È qui, a questo punto, che la squadra di Spalletti cambia marcia, accelera in modo vertiginoso: Kvara sfrutta il sovraccarico in zona palla per chiamare l’uno-due a Zielinski, che a sua volta asseconda il movimento del compagno con un passaggio di quelli che, attraversando una moltitudine di gambe, riescono a spaccare le linee avversarie. Kvara riceve, fa una finta che manda a vuoto Kamada e può attaccare uno spazio un po’ più ampio, in cui però vengono richiamati tre giocatori avversari. Nuovo scarico sull’uomo libero, Anguissa, e nuovo inserimento senza palla, sempre in verticale, a creare una nuova linea di passaggio. Nel frattempo, si vede Osimhen che galleggia sulla linea del fuorigioco e tiene occupato un centrale avversario, lo stesso centrale che però deve andare a coprire su Kvara, proiettato in profondità nella zona di centro-destra. È l’ultima rotazione, ed è letale: tutti collassano di nuovo su Kvara, e allora si apre un doppio spazio: in ampiezza per Lozano e fronte porta per Di Lorenzo. A quel punto, arrivano le giocate di cui abbiamo già parlato: il passaggio filtrante e a giro di Anguissa, il controllo sontuoso e il tacco di Kvaratskhelia e la conclusione piazzata di Di Lorenzo. Tutto bellissimo, tutto perfetto. Palla in buca d’angolo.

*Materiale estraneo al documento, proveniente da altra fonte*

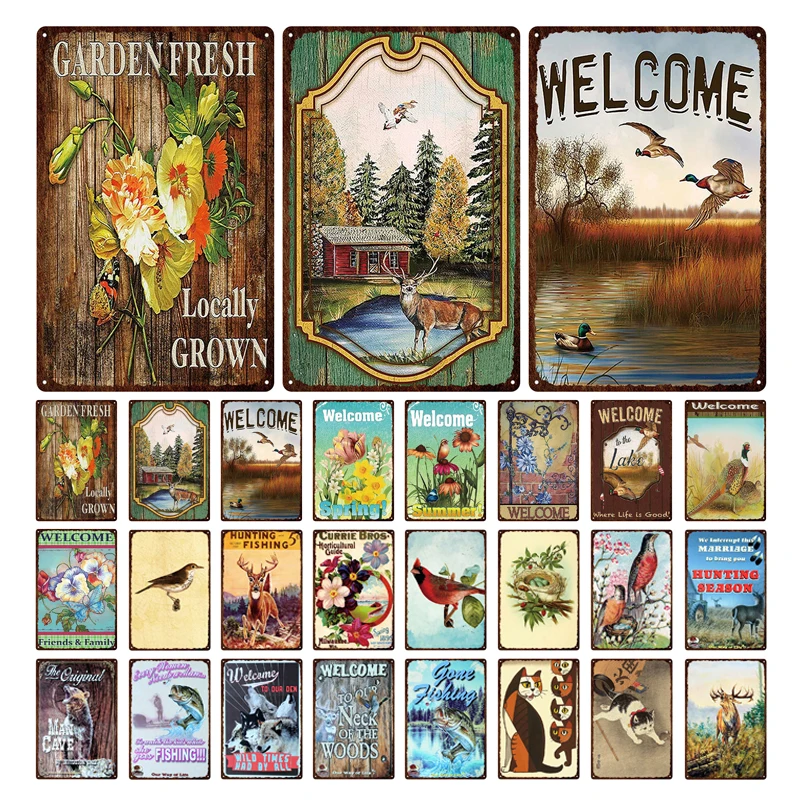

Табличка с Естественным ландшафтом в стиле ретро, птицы и кошки, цветок, металлические жестяные знаки, печатный Железный фотопостер для дом...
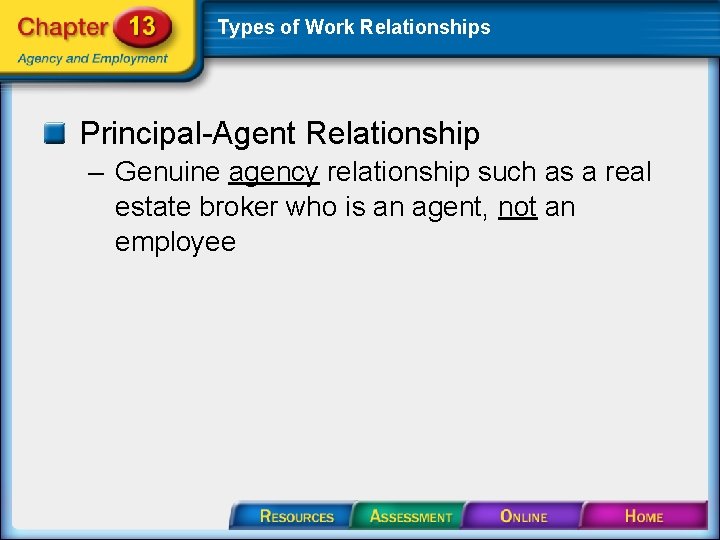 Types of Work Relationships Principal-Agent Relationship – Genuine agency relationship such as a real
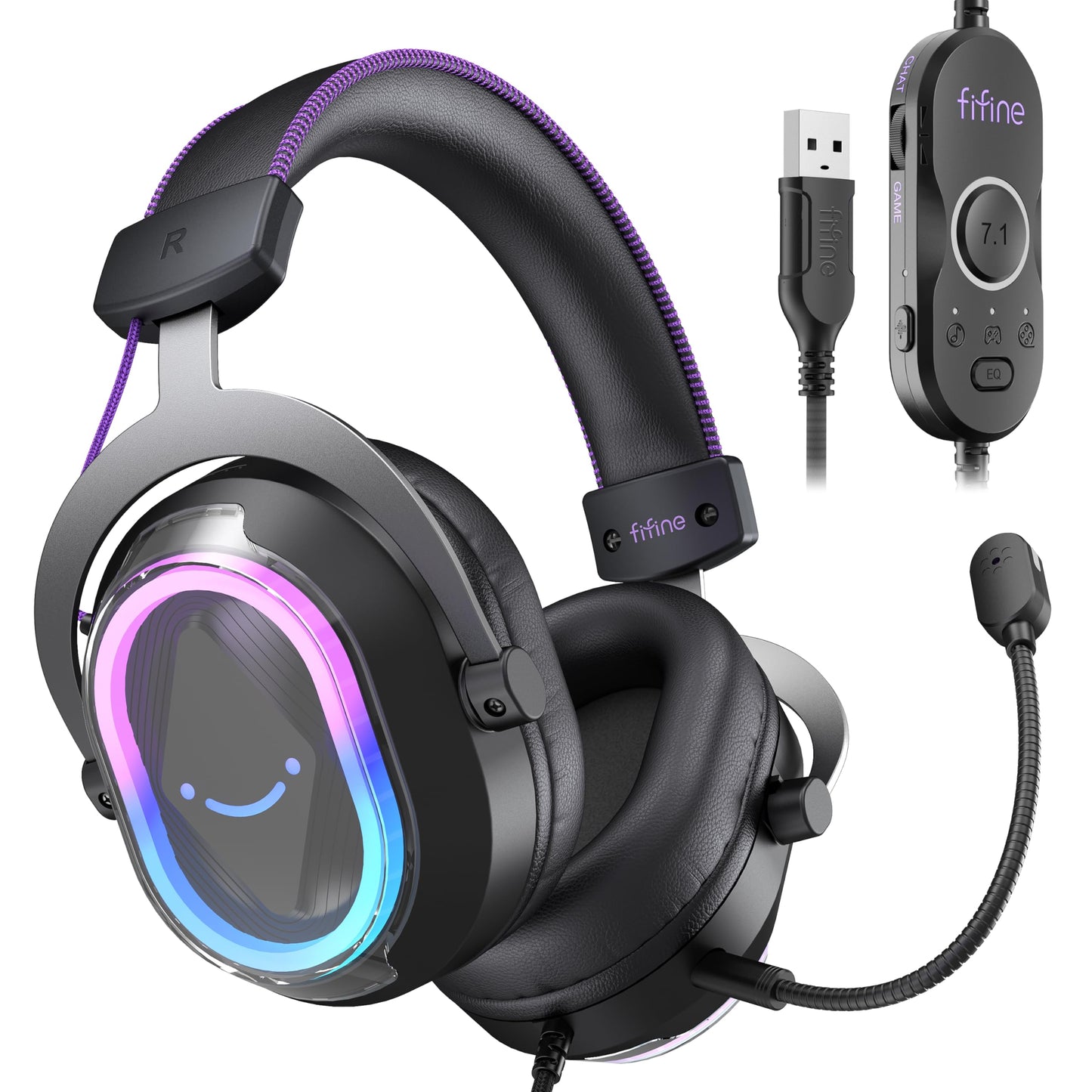 FIFINE Wired USB Gaming Headset: 7.1 Surround Sound - Vibrant Customizable RGB - Game/Chat Balance, Gamer Headphone with Noise Canceling Mic for PC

Un gol da vedere e rivedere

Come ultima postilla tattica: non sfugga il fatto che il terzino Di Lorenzo si trovi a tirare quando è in posizione di mezzala, più stretto rispetto all’esterno offensivo di parte – ricorda qualcosa? Anche questa è pura tattica, ed è ciò che rende bellissimo il Napoli di Spalletti: ogni azione, per quanto intrinsecamente estemporanea, nasce da principi e movimenti che sono codificati. Che questa squadra ha ormai mandato a memoria. Per esempio: basta andare a ripescare gli highlights di Cremonese-Napoli 1-4, giocata qualche mese fa, per vedere Kvaratskhelia che conquista un rigore con lo stesso identico inserimento profondissimo da sinistra verso il centrodestra dell’area di rigore.

Prima abbiamo citato l’asse Insigne-Callejón, e non è stata una scelta a caso: è evidente che ci sia una differenza enorme tra quel Napoli e quello di quest’anno. Non c’è – perché non potrebbe essere misurata – una differenza ontologica, quindi è impossibile dire quale versione della squadra azzurra sia migliore. Fatto sta, però, che quel meccanismo così fruttuoso, oggi, è stato sostituito in modo efficace e convincente e anche appagante. Il Napoli di Spalletti è una nuova squadra-brand che però gioca in modo diverso rispetto a quella che fu allenata da Sarri. Magari avrà un possesso meno raffinato e corale, ma esplora molto di più la profondità – grazie a Lozano e soprattutto a Osimhen – e sa sempre come variare spartito di partita in partita, e dentro la stessa partita. Se ne sono accorti anche a Francoforte.